I did finally get around to watching the episode of Don Fransisco Presenta featuring an interview with Sammy Sosa.
I had seen the previews for this interview on Univision while I was on the elliptical machine at the gym, and I could have sworn that they were implying that it was going to be a tearful, heart-wrenching affair. Maybe some secret sins would be revealed? I guess that did, at first, seem unlikely from Don Fransisco of Sabado Gigante fame, but you never know. Maybe Wink Martindale would be Barbara Walters under the right conditions.
Well, that was *not* what the interview was like. It was a downright Sammy Love Fest. It began with a long soliloquy by Don Fransisco talking about Sosa's humble beginnings in the Dominican Republic. About how he was the fifth of sixth children, how his father died when he was only 7, how he had to sell orange juice and shine shoes and work in a car wash to help support his mother and siblings. About how, of the first $3,500 he made, he sent $3,300 to his mother and used the other $200 to buy himself a bike just so he could get around. About how he had overcome all that to achieve the American Dream.
Sosa responded with a minor soliloquy of his own about how the most important influence in his life is his belief in God, and that he thinks is mother is just great. When asked what he would say to the people back home in the Dominican Republic, he told them that he is like them and that they can have whatever they want in life because God will give them the opportunity. They just have to forget the negative in their life and go forward.

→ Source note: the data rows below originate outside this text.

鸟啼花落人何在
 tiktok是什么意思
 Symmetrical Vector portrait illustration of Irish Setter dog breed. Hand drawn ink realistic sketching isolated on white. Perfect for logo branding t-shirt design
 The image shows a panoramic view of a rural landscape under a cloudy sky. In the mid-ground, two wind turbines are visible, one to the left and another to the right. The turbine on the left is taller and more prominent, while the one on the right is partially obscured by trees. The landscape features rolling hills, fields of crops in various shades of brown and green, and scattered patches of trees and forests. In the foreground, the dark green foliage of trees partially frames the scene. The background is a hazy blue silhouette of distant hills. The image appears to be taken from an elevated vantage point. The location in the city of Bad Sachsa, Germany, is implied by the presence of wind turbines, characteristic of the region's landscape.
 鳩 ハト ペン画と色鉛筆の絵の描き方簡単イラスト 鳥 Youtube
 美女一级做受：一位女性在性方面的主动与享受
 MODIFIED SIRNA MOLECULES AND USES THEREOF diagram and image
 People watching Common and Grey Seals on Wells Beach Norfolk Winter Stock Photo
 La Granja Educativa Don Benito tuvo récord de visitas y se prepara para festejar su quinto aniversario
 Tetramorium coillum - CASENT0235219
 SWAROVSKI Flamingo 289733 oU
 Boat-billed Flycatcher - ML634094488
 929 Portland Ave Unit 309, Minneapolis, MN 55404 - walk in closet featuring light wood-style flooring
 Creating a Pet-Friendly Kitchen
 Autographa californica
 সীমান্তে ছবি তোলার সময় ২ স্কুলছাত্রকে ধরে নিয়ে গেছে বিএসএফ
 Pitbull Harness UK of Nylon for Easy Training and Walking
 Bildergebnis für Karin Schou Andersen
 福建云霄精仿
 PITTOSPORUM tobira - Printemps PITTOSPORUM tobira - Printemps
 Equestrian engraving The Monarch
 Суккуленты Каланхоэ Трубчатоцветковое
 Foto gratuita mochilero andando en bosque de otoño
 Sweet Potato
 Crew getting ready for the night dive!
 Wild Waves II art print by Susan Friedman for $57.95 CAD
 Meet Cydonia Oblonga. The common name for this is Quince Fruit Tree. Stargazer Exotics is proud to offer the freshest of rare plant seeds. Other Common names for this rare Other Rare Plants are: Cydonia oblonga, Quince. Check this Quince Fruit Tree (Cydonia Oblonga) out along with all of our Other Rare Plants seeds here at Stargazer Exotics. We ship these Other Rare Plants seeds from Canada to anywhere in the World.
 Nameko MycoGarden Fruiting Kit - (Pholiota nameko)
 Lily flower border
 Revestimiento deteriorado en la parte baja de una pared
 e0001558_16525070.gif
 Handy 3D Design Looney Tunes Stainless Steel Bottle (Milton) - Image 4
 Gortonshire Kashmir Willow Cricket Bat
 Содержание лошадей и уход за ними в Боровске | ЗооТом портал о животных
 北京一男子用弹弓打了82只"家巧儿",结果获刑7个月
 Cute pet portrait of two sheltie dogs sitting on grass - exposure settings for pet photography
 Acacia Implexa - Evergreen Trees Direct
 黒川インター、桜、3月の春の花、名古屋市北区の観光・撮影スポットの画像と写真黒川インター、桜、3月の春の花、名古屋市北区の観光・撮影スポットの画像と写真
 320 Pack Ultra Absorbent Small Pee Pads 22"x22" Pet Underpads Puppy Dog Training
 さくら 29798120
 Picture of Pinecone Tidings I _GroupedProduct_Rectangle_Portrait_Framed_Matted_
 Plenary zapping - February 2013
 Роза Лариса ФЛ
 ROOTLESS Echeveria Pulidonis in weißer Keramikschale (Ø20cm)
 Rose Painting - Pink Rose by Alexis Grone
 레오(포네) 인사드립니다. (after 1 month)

Don Fransisco didn't make even the remotest reference to any discussion of steroids, but apparently enough time had passed since the corked bat incident to bring it up. Sosa explained that he is human and made a mistake, and that he needed a second chance. Don Fransisco mentioned that the rest of the bats had been inspected and were normal, to which Sosa replied, “I have natural strength. I don't need any substances or anything negative to be myself.” (Translation mine and undoubtedly poor.) And the crowd went wild.
The interview continued as Sosa tutored Don Fransisco on his batting stance. Meaningful stuff.
They briefly discussed Sosa's wife of 14 years (sort of; I guess 12 of those were civil marriage). I didn't follow the story very well, but I guess Sosa met her in a gymnasium and promised to make her a queen if she would marry him. And now he describes her as “more than a queen.”
Gloria Trevi, a Mexican pop star from the 80s with a rather checkered past, was also a guest on the program that night. Ms. Trevi is apparently friends with Sosa, having attended his wedding, and she thanked him for not discriminating against her family. I didn't really follow that part of the interview very well. My crack research department has been looking up stuff about Trevi this evening, in part because the story of her checkered past is fairly interesting, but mostly, I suspect, because there are many nude photos of her available around the Web.
There were a couple commercials on the program that were highly entertaining, including what I believe was a service to buy love poems on your cell phone and send them to people and another for a book on tape about how to make love all night. The tag line was “La mejor manera de perder al sueño” (“The best way to lose sleep”). Ooh la la.
Unfortunately, I'm not coming away from the program with the top-secret scoop, but it was a good time anyway, and I would certainly recommend any future beísbol-related interviews on Don Fransisco Presenta. Don't try to watch them with your parents, though; they just wouldn't understand.